— WHAT TO WORK ON —
Below this line are records; transcribe exactly the lines between the one holding "Ethel Newland and" and the one holding "The Future of", inclusive, and omit the pictures.

— PROVIDED DATA —
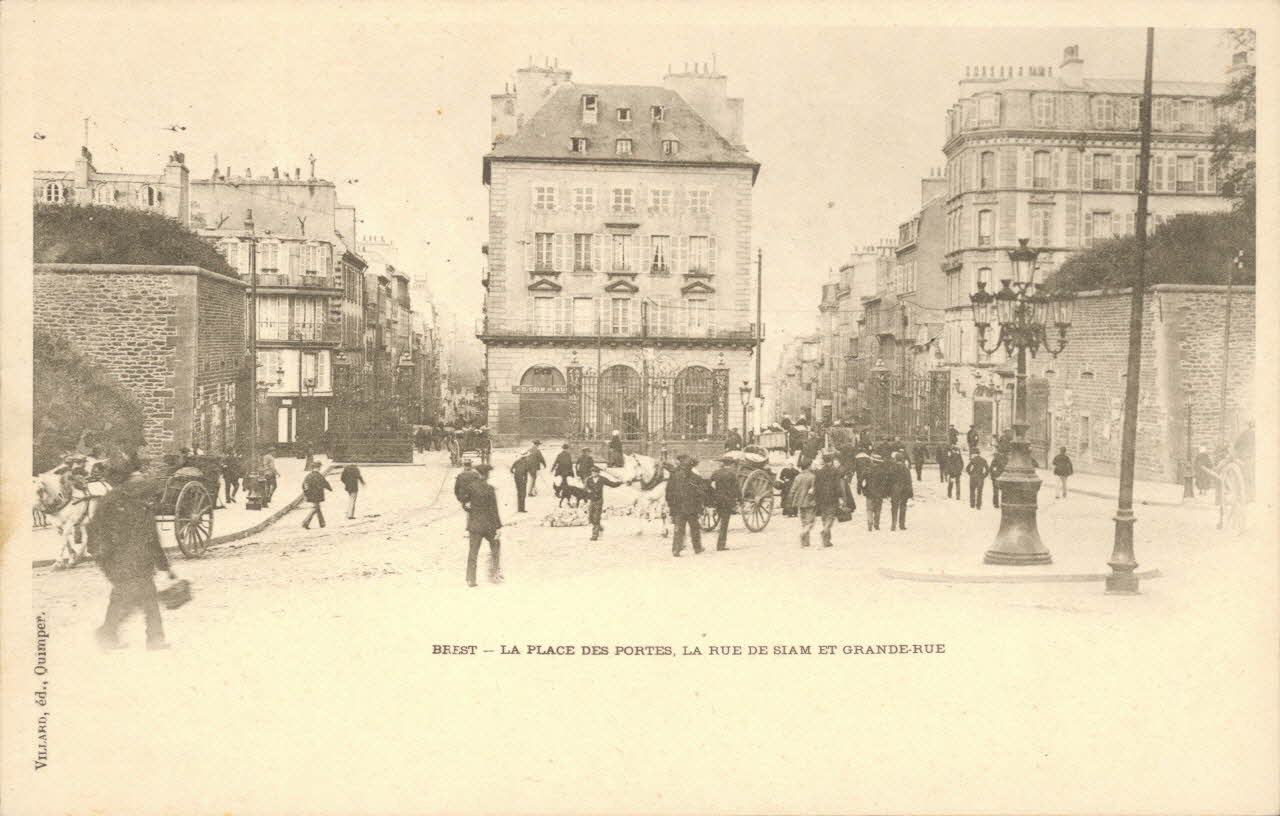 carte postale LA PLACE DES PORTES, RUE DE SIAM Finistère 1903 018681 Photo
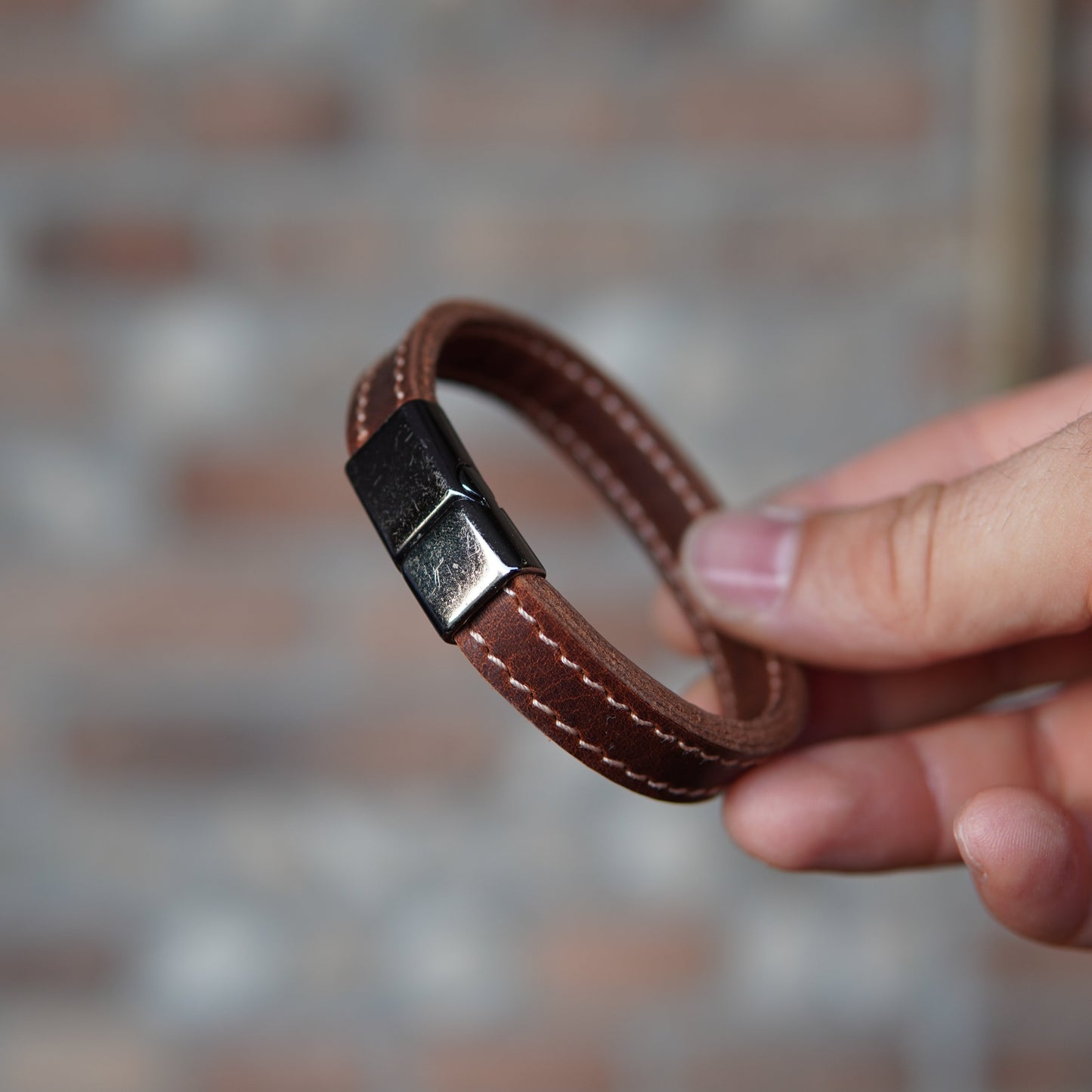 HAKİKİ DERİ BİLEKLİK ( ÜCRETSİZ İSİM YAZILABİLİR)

==

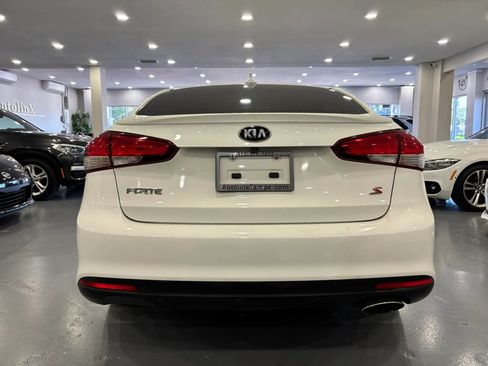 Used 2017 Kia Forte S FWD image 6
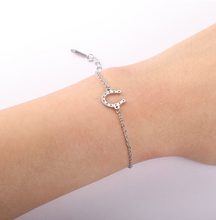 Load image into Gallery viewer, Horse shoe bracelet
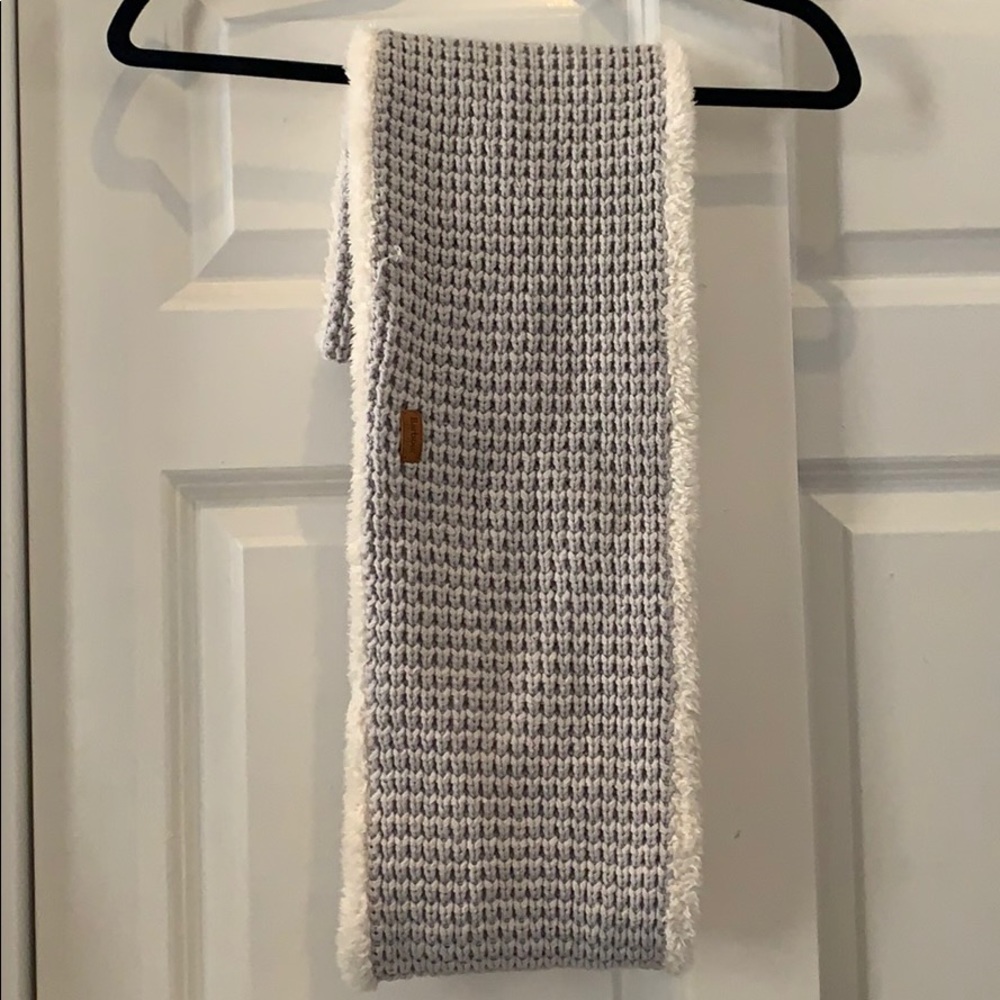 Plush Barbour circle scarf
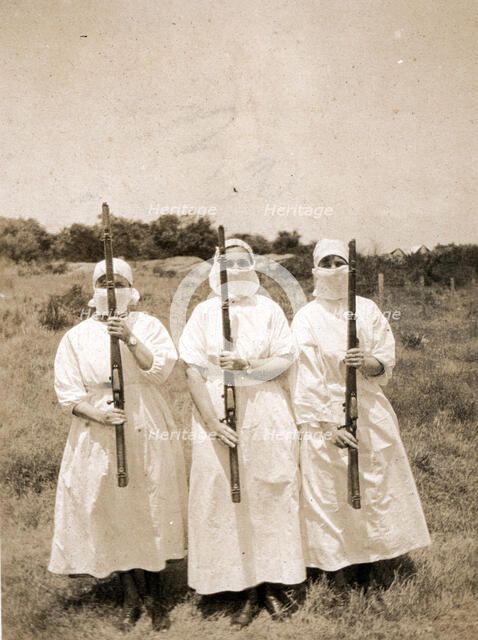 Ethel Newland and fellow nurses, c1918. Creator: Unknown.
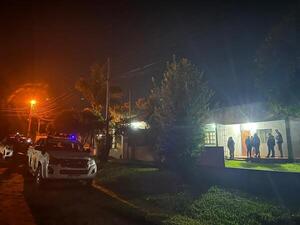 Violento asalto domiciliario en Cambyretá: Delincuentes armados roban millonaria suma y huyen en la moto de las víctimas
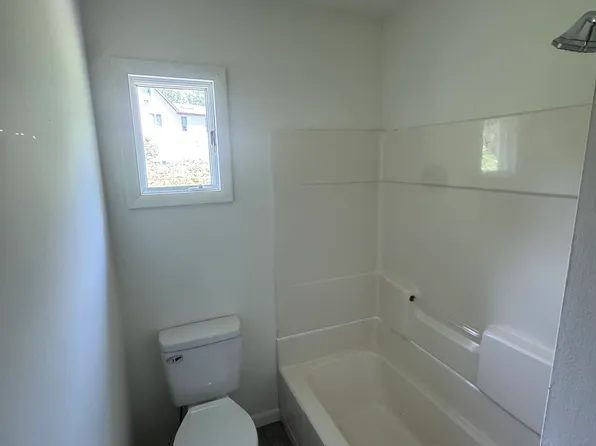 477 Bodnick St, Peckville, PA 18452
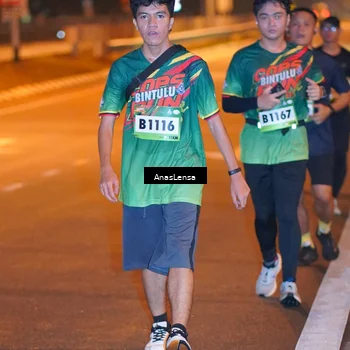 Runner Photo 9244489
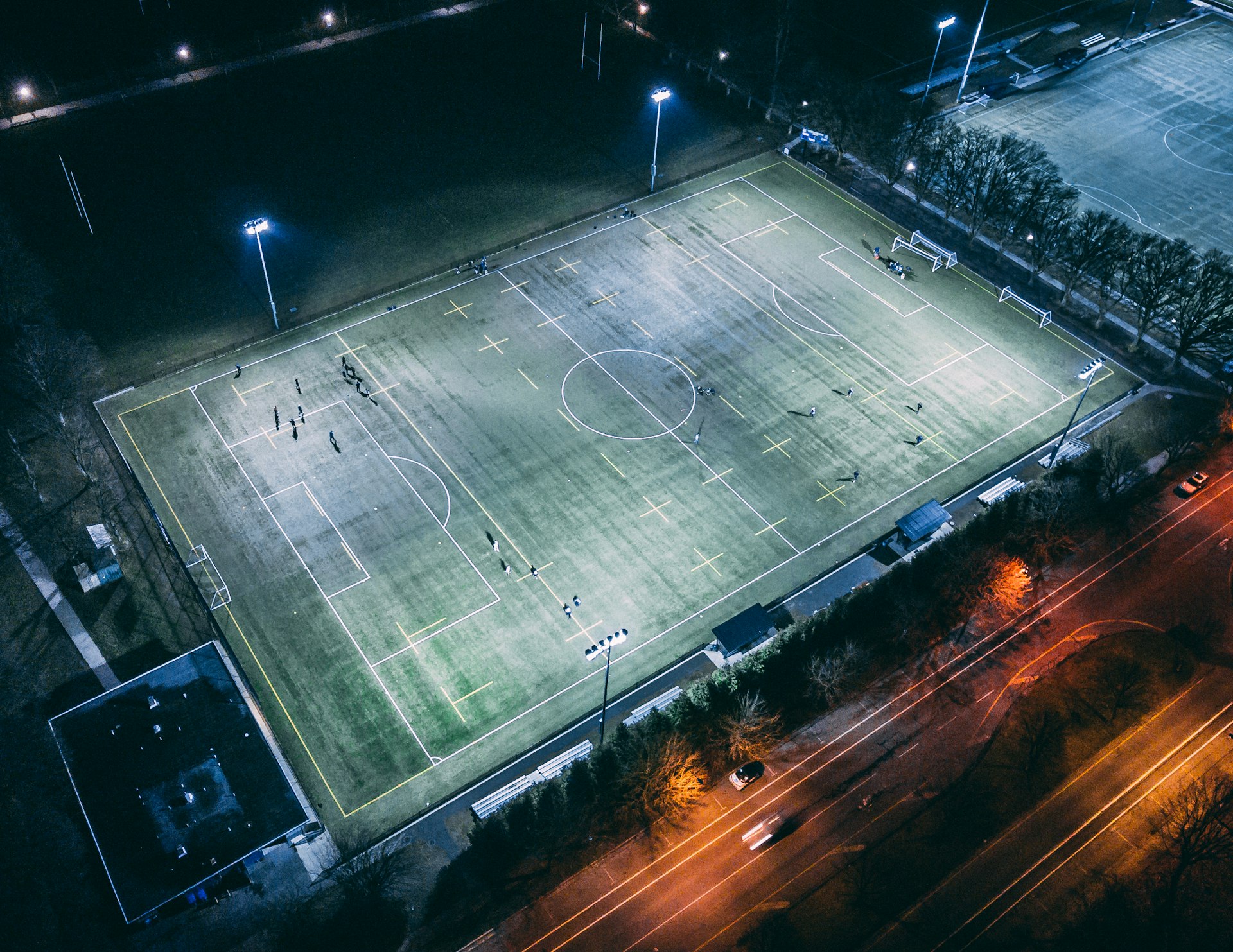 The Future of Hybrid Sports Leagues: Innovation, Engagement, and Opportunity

--

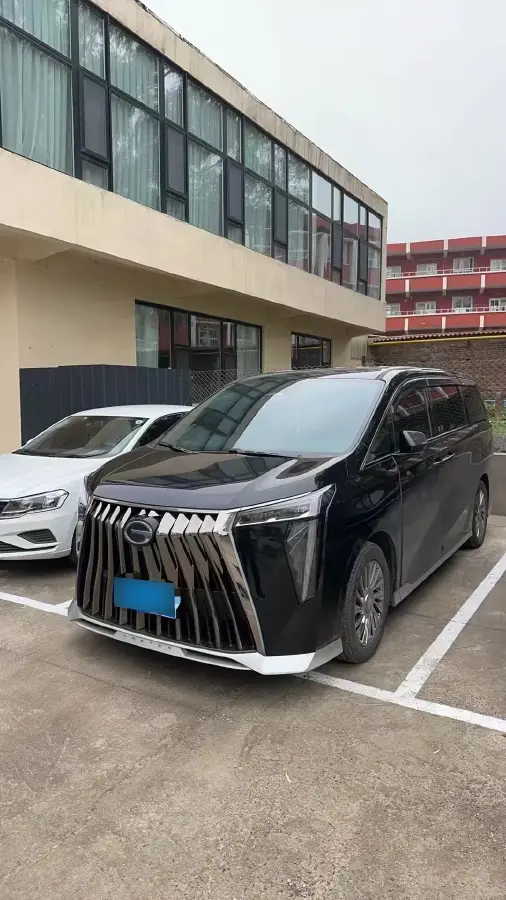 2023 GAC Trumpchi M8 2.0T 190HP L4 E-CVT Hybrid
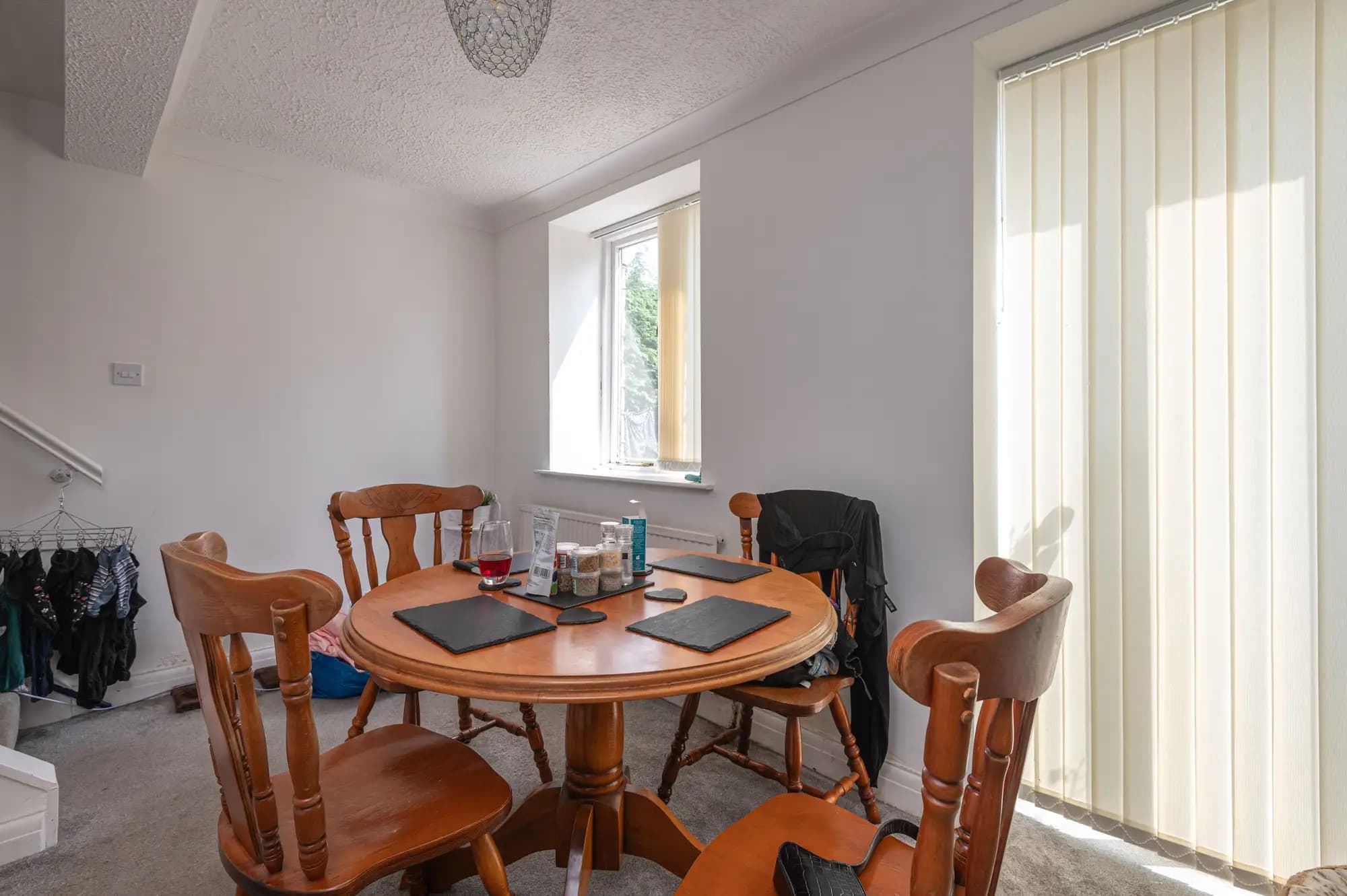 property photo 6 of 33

— SOLUTION —
 Ethel Newland and fellow nurses, c1918. Creator: Unknown.
 Violento asalto domiciliario en Cambyretá: Delincuentes armados roban millonaria suma y huyen en la moto de las víctimas
 477 Bodnick St, Peckville, PA 18452
 Runner Photo 9244489
 The Future of Hybrid Sports Leagues: Innovation, Engagement, and Opportunity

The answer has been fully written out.